Asthenozoospermia is a leading cause of male infertility, but the development of pharmaceuticals to improve sperm motility has been hindered by the lack of effective screening platforms and knowledge of suitable molecular targets. We have demonstrated that a high throughput screening (HTS) strategy in conjunction with established in vitro tests can identify and characterise the action of compounds that improve sperm motility. The study aimed to apply HTS to identify new compounds from a novel small molecule library that increase intracellular calcium, [Ca2+]I, promote human sperm cell motility and systemically determine the mechanism of action.
A validated HTS fluorometric [Ca2+]i assay was used to screen an in-house library of compounds. Trequinsin hydrochloride (a phosphodiesterase 3 inhibitor) was selected for detailed molecular (plate reader assays, electrophysiology and cyclic nucleotide measurement) and functional (motility and acrosome reaction) testing in sperm from healthy volunteer donors and, where possible, patients.

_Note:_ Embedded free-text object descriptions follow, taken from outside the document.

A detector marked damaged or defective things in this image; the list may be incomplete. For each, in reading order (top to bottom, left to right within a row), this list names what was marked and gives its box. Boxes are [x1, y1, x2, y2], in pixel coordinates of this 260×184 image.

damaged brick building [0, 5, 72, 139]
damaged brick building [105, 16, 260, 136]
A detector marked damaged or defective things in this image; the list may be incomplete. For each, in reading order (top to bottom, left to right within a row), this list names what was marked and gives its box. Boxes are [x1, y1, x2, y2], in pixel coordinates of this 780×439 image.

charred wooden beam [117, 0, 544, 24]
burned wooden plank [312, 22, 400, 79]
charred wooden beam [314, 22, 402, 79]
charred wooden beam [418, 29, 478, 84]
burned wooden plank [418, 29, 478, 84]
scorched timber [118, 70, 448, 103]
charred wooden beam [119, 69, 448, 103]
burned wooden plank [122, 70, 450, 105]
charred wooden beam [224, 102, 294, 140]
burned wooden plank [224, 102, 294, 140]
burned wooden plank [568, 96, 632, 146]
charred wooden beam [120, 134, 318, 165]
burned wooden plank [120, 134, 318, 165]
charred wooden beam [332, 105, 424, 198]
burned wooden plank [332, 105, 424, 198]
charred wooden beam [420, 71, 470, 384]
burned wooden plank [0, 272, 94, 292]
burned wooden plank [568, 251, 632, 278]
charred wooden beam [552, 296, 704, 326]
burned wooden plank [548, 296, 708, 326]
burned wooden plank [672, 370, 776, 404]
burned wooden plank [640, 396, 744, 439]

The fluorometric analysis identified Trequinsin as an efficacious agonist of [Ca2+]i, although less potent than progesterone (P4). Functionally, Trequinsin significantly increased cell hyperactivation and penetration into viscous medium in all donor sperm samples and cell hyperactivation in 22/25 (88%) patient sperm samples. The Trequinsin-induced [Ca2+]i response was cross-desensitised consistently by prostaglandin E1 but not with P4. Whole-cell patch clamp electrophysiology confirmed that Trequinsin activates CatSper and partially inhibits potassium channel activity. Trequinsin also increases intracellular cGMP.
Conclusion and Implications
Trequinsin exhibits a novel pharmacological profile in human sperm and may be a suitable lead compound for the development of new pharmaceuticals to improve patient sperm function and fertilisation potential.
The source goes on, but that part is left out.